Many people are scared to set a low reserve in Flippa auctions After all, they’ve put a lot of hard work into optimizing and monetizing their site, so why do they want to risk selling it for peanuts?

The truth is that if your website is good enough, a low reserve should act as a tasty bait that buyers can’t resist snacking on.

Let’s take a look at why low reserves are the way forwards for your Flippa auction!

High Reserves on Flippa Are a Dangerous Game

A high reserve may appear to be a surefire way of protecting your auction from a smash and grab low bid, but to buyers the concept is very frustrating. Too much time becomes invested in creeping their bid up in the hope of meeting a reserve which appears annoyingly out of reach.

Buyers begin to lose patience and move on to other prospects or start inundating you with messages demanding to know what the reserve is. It’s a disheartening process for buyers and sellers with the very real threat of the reserve not being met.

What happens when this reserve isn’t met?

Well, a lot of sellers decide to relist the auction at a lower reserve. Surely someone will identify its full potential this time round, right? Think again!

Buyers are very careful with their money, so they’ll begin to ponder why this amazing website didn’t sell first time round. As a result, buyers’ trusted ‘risk antennae’ will begin buzzing and the interest levels will drop off quicker than you can shout “SOLD”. Put simply: websites sell for less than they should on the second attempt.

Set an Auction with a Low Reserve

You might be asking yourself “What’s the best step forwards then? I sure as hell don’t want to set my reserve to a dollar! That’s madness!” and you’re right to show concern.

However, when we talk about a low reserve, we simply mean the minimum you would accept for your site. Perhaps all you want for your website is a dollar, but if that’s true maybe it’s time you considered a different career…

Now, as long as you’re confident in your site’s prospects, you shouldn’t have any problem setting a low reserve.

Don’t forget that a low reserve is almost always going to be met quicker than a high reserve. And when that reserve is met you open yourself up to a world of benefits.

When your auction enters the hallowed section of Flippa known as ‘Reserve Met’ you can rest assured that your website is going to start turning heads. The site is definitely going to sell, so it becomes obvious that early bidders have worked out there’s a profit tucked in amongst all that HTML code.

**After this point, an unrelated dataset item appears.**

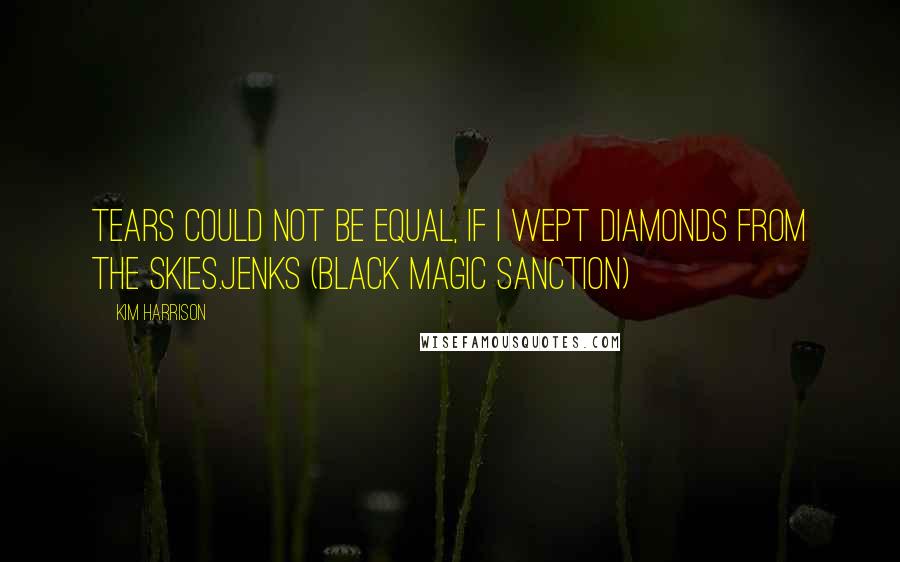 Kim Harrison Quotes: Tears could not be equal, if I wept diamonds from the skies.Jenks (Black Magic Sanction)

Other bidders aren’t just going to want a slice of the pie – they’re going to want the pie, the bowl and your trusted family recipe!

Take Control of the Feeding Frenzy

This sudden surge of interest in your auction will cause a feeding frenzy amongst the bidders, so don’t be surprised to find the bids flying in thick and fast.

If you’ve managed to build up the interest in your auction carefully then the number of bids may well push your auction on to Flippa’s ‘Most Active’ page. It usually takes around 11 – 16 bids in 24 hours for this, but if you achieve this then it’s an amazing feather in your cap.

It demonstrates there’s a huge buzz about your auction and keeps the momentum flowing.

Once the momentum is there, and you know you’ve sailed past your initial low reserve, you are then presented with the nice idea of adding a buy it now (BIN) option to your auction.

With the flurry of activity put in place by your low reserve, you can tempt eager bidders to get a quick victory with a high price. And if the BIN option isn’t snapped up, you haven’t lost anything. Your reserve is still sitting nicely in your back pocket.

Why You Need to Stick with a Low Reserve

A low reserve may seem risky in the short term, but in the long term it can bring your auction many benefits.

Bringing in a hungry audience is key to any auction and a low reserve is a great option to start them salivating. As more and more buyers try to muscle in on the action a real buzz begins to build and you’ll discover that where there’s people, there’s profit.

Next time when you’re setting your reserve, take a few deep breaths and delete a couple of those hopeful zeros from your price. You’ll thank me.

UK based writer with a strong background in website analytics and identifying web trends. Ben has worked with many top companies and written articles with a strong emphasis on internet marketing. He has an extensive knowledge of the SEO landscape and how to convert website traffic into revenue.

  • Matt Preuss
    November 26, 2014 at 8:50 pm

    Very useful info, Ben. I’ve just recently started using low reserve prices in my auctions. At first it was nerve-wracking…the thought that a valuable website could possibly sell for next to nothing. But eventually I put my faith in the marketplace and realized it worked. I got lots of bids which put it at the top of the “Most active” page which in turn generated more publicity, driving the bids up higher. I used to set a high reserve on my auctions, they didn’t sell….just got a lot of “what’s the reserve?” messages. I’d re-list it and each time the bids became lower and lower. The point is, low reserves auctions work – on a fundamental and psychological level.

    • Ben Ricketts
      November 27, 2014 at 1:15 pm

      Thanks for the comments, Matt. I’m glad you found it useful.

      When your selling I feel that you need so much more than just a great product. You need a holistic approach to make sure you tackle all the mechanisms at play in the marketplace.